Harga Emas Cetak Rekor, Ini Dampaknya ke Emiten Emas

Harga emas dunia kembali mencatatkan rekor tertinggi sepanjang masa di level USD 4.263,31 per troy ounce

oleh Gagas Yoga PratomoDiterbitkan 17 Oktober 2025, 12:00 WIB
Ilustrasi harga emas dunia hari ini (Foto By AI)

Liputan6.com, Jakarta Harga emas dunia kembali mencatatkan rekor tertinggi sepanjang masa di level USD 4.263,31 per troy ounce pada 16 Oktober 2025 pukul 18.45 WIB, naik 1,47% dari penutupan sebelumnya di USD 4.201,60. Dalam setahun terakhir, harga emas telah melonjak 58,22%, dengan rentang pergerakan 52 minggu antara USD 2.541,5 – USD 4.263,9.

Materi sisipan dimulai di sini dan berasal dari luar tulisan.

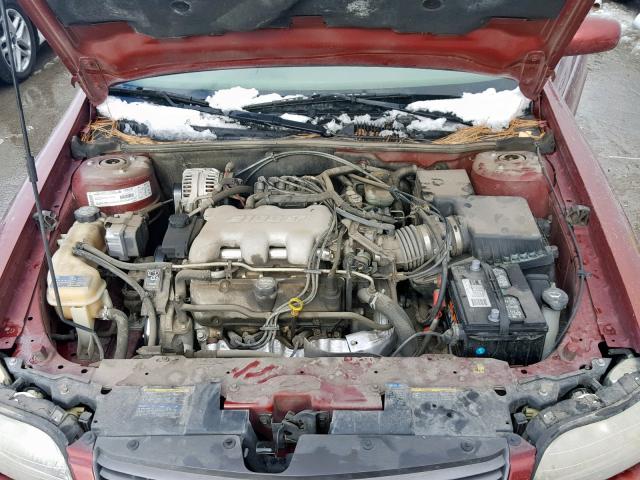 1G1NE52J33M721185 - 2003 CHEVROLET MALIBU LS წითელი ფოტო 7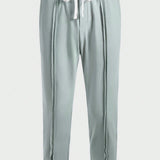 Manfinity Hypemode Hombres Pantalones deportivos de cintura con cordon con costura delantera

Analis sekaligus Founder Republik Investor, Hendra Wardana, menilai lonjakan harga emas yang menembus rekor baru merupakan dampak dari sejumlah faktor global, termasuk meningkatnya ketegangan geopolitik dan pelemahan dolar AS. Ia menyebut emas kini kembali menjadi pilihan utama investor di tengah ketidakpastian pasar.

“Kenaikan harga emas ini merupakan kombinasi dari ekspektasi pemangkasan suku bunga The Fed, meningkatnya ketegangan geopolitik, serta meningkatnya permintaan emas dari bank sentral dunia untuk diversifikasi cadangan devisa,” ujar Hendra Wardana dalam keterangannya, dikutip Jumat (17/10/2025).

Dalam situasi ini, Hendra menilai emas kembali menjadi aset lindung nilai (safe haven) yang paling dicari. Menurut Hendra, reli harga emas juga memberikan dorongan besar bagi saham-saham emiten emas di Bursa Efek Indonesia. 

 

Emiten Terkait Emas Turut Menguat

Petugas menunjukan emas batangan di kantor BNI Syariah, Jakarta, Senin (30/11). Harga jual-beli kembali (buyback) emas Antam turun Rp 1.000 usai akhir pekan kemarin naik di tengah turunnya harga emas global. (Liputan6.com/Angga Yuniar)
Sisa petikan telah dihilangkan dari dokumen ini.